At the same time, we feel it is in the public interest to call attention to the fact that eminent doctors and research scientists have publicly questioned the claimed significance of these experiments.

Distinguished authorities point out:

1. That medical research of recent years indicates many possible causes of lung cancer.
2. That there is no agreement among the authorities regarding what the cause is.
3. That there is no proof that cigarette smoking is one of the causes.
4. That statistics purporting to link cigarette smoking with the disease could apply with equal force to any one of many other aspects of modern life. Indeed the validity of the statistics themselves is questioned by numerous scientists.

We accept an interest in people's heath as a basic responsibility, paramount to every other consideration in our business.

We believe the products we make are not injurious to health.

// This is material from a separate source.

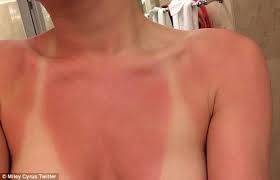 Chăm sóc da bị cháy nắng mùa hè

We always have and always will cooperate closely with those whose task it is to safeguard the public health. For more than 300 years tobacco has given solace, relaxation, and enjoyment to mankind. At one time or another during those years critics have held it responsible for practically every disease of the human body. One by one these charges have been abandoned for lack of evidence.

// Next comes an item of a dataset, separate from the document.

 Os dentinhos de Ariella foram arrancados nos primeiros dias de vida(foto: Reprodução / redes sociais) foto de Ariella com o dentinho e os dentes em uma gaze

Regardless of the record of the past, the fact that cigarette smoking today should even be suspected as a cause of a serious disease is a matter of deep concern to us.

Many people have asked us what we are doing to meet the public's concern aroused by the recent reports. Here is the answer:

1. We are pledging aid and assistance to the research effort into all phases of tobacco use and health. This joint financial aid will of course be in addition to what is already being contributed by individual companies.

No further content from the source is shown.